Seminar

Iterative Versus Standard Deferred Acceptance: Experimental Evidence

Rustamdjan HAKIMOV (WZB Berlin Social Science Center)

January 25, 2018, 14:00–15:30

Toulouse

Room MS001

Job Market Seminar

Abstract

We run laboratory experiments where subjects are matched to colleges, and colleges are not strategic agents. We test the Gale-Shapley Deferred Acceptance (DA) mechanism versus the Iterative Deferred Acceptance Mechanism (IDAM), a matching mechanism based on a new family of procedures being used in the field, in which students make applications one at a time. We consider two variations of IDAM: one in which students are only informed about whether they have been tentatively accepted or not (IDAM-NC) and one in which they are additionally informed at each step of the tentative cutoff values for acceptance at each school (IDAM).
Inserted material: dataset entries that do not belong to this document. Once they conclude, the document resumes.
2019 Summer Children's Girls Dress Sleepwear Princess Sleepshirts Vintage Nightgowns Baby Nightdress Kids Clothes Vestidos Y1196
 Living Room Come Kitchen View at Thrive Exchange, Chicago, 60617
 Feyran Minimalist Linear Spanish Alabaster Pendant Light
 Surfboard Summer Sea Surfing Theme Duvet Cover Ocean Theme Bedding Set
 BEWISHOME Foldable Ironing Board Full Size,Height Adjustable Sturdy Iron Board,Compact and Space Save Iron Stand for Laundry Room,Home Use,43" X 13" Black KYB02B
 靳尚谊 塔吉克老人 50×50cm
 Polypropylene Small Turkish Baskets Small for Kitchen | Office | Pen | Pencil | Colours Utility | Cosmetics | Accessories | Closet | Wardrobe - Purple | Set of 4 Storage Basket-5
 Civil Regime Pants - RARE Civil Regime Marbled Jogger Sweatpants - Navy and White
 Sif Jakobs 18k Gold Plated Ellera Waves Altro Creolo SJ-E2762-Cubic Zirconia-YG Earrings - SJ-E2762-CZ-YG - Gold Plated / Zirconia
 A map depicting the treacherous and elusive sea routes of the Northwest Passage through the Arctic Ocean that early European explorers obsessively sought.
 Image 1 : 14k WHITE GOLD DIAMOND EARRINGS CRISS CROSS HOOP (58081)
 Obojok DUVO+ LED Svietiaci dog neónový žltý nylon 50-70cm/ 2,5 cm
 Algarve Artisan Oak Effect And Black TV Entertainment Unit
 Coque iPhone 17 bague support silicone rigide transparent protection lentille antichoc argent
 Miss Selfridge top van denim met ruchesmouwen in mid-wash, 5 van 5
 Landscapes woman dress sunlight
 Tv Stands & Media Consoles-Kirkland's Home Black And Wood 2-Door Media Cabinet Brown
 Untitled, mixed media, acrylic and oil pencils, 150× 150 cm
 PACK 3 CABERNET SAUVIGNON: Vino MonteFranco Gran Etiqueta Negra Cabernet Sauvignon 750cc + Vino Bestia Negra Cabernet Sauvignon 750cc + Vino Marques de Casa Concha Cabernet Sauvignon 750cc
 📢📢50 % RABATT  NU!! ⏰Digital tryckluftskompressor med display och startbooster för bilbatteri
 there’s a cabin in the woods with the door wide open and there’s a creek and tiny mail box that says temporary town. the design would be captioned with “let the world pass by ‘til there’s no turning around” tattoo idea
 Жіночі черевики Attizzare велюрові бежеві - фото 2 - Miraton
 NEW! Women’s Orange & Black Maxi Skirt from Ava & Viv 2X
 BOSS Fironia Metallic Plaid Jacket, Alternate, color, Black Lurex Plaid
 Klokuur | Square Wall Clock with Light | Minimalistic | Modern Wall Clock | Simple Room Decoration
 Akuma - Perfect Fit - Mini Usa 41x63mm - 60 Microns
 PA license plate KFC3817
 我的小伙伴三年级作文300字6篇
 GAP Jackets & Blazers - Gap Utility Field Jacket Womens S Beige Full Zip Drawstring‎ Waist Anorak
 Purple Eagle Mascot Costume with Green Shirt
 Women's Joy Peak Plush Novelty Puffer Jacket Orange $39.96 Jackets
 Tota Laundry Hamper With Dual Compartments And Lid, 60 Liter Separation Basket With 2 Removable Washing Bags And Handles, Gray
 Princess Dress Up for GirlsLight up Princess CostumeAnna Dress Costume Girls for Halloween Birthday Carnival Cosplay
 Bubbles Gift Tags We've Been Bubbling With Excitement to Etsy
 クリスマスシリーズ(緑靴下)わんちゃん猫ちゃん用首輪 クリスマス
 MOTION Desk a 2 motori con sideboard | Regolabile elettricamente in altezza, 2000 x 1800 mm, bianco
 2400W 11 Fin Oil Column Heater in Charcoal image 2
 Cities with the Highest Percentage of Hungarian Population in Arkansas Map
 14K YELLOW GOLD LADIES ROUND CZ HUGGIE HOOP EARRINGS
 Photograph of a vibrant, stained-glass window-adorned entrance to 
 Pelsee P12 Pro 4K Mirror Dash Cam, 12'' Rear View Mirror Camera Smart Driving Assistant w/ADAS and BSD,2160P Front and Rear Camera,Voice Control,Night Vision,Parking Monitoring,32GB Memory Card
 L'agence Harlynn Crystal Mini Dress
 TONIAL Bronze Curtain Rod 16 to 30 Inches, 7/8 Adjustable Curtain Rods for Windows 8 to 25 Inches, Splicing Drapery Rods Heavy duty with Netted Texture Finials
A significantly higher proportion of stable outcomes is reached both under IDAM and IDAM-NC than under DA. The difference can be explained by a higher proportion of subjects following an equilibrium strategy akin to truthful behavior under IDAM and IDAM-NC than the truthful behavior itself under DA. Moreover, the provision of intermediate cutoff values in IDAM leads to higher rates of equilibrium behavior than in IDAM-NC. We associate the benefits of iterative mechanisms relative to DA with the feedback of the outcome of applications provided between steps of the iterative mechanisms. This feedback allows subjects to learn that the deviating strategies from truthful do not work in an intended way. Our findings provide substantial support for the rising practice of using iterative mechanisms in centralized college admissions in practice.